# Ham Loaf Breakfast Fatty



## cramerfunk (Jul 27, 2011)

The only place I've ever heard of ham loaf is at Fareway Stores in Iowa. My coworkers think I'm weird cause I make em stop every time we roll through Sioux City. Not sure what ham loaf is,, I think its ground ham with a bit of pork added, all I know is its good.








Green peppers, onion hash browns all fried up in butter, let that cool a bit.







Tossed that stuff in a 1 gal ziploc with some cheese.







Packed that stuff real tight in a ziploc and folded it over a bit so it would fit in the hamloaf wrap. Tossed it in the freezer for a couple hours so it doesn't break up when i wrap it in the fatty.







The stuffing ready to roll.







Wrapped up and sprinkled with jeff's rub.







smoked in the MS 40 with AMNS bourban barrel dust.

Sliced and ready to eat. I had a friend over who also makes fattys and he said mine was the best ever... win.


----------



## jrod62 (Jul 27, 2011)

looks good , nice bacon wrap
	

	
	
		
		



		
		
	


	





r


----------



## meateater (Jul 27, 2011)

Looks great !


----------



## SmokinAl (Jul 28, 2011)

Nice job!

Looks delicious!


----------



## terry colwell (Jul 28, 2011)

Now thats how I like my bacon done,, nice and crisp, none of that mushy stuff for me,,, Looks great


----------



## smokinhusker (Jul 28, 2011)

Looks great and that's some nice crispy lookin bacon! MMMMMM. Never tried using it for a fatty. Is the ham loaf you use, premixed (with the eggs, crackers, seasonings, brown sugar) or is it just the ground ham and pork? What wood did you use to smoke it?
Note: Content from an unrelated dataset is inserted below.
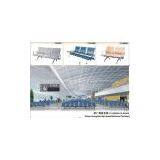 Low Price Waiting Seating Airport Chairs Made in China thumbnail-1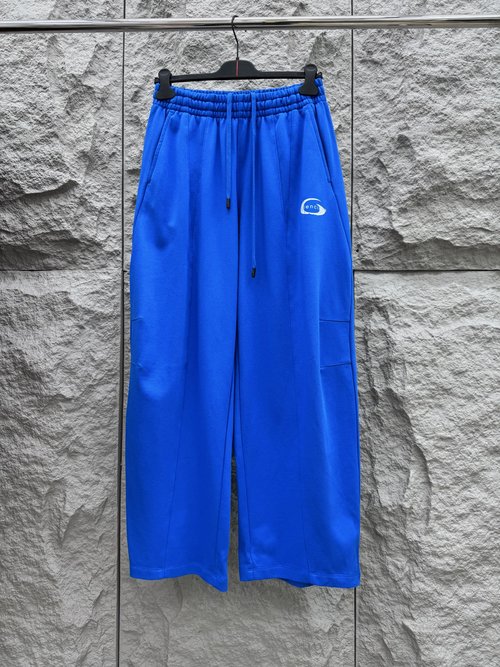 Balenciaga Stylish Straight-Leg Casual Trousers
I grew up in Southern Ohio and we had ham loaf (homemade back then by my grandmothers) but they now have premixed in the supermarkets. Also found it premixed at a little mom and pop smokehouse/butcher shop north of Pittsburgh, PA. I now live in Colorado and they have no idea what it is here, so I make my own and glaze it with a brown sugar/pineapple juice, dijon mustard baked in the oven.


----------



## bigeyedavid (Jul 28, 2011)

Looking good from over the border


----------



## africanmeat (Jul 29, 2011)

Great job it looks yummy


----------



## alelover (Jul 29, 2011)

Looks great. Never heard of ham loaf. Sounds like a great use for it. That would be great with some scrambled eggs all thrown on a nice big kaiser roll.


----------



## jjwesley (Jul 30, 2011)

It really looks great.  If you posted it, I muissed it.  What is the mixture/ratio of the wrapping (pork?, ham?, other ingredients?  Thanks JJ


----------



## azron (Jul 30, 2011)

I know what a ham loaf is, i have family in the Sioux Falls area spent many a summer in either Marion,Luverne or Sioux city.  BTW looks good, look into making a fatty piston, it works great.


----------



## bmbrboi (Jul 31, 2011)

AzRon said:


> I know what a ham loaf is, i have family in the Sioux Falls area spent many a summer in either Marion,Luverne or Sioux city.  BTW looks good, look into making a fatty piston, it works great.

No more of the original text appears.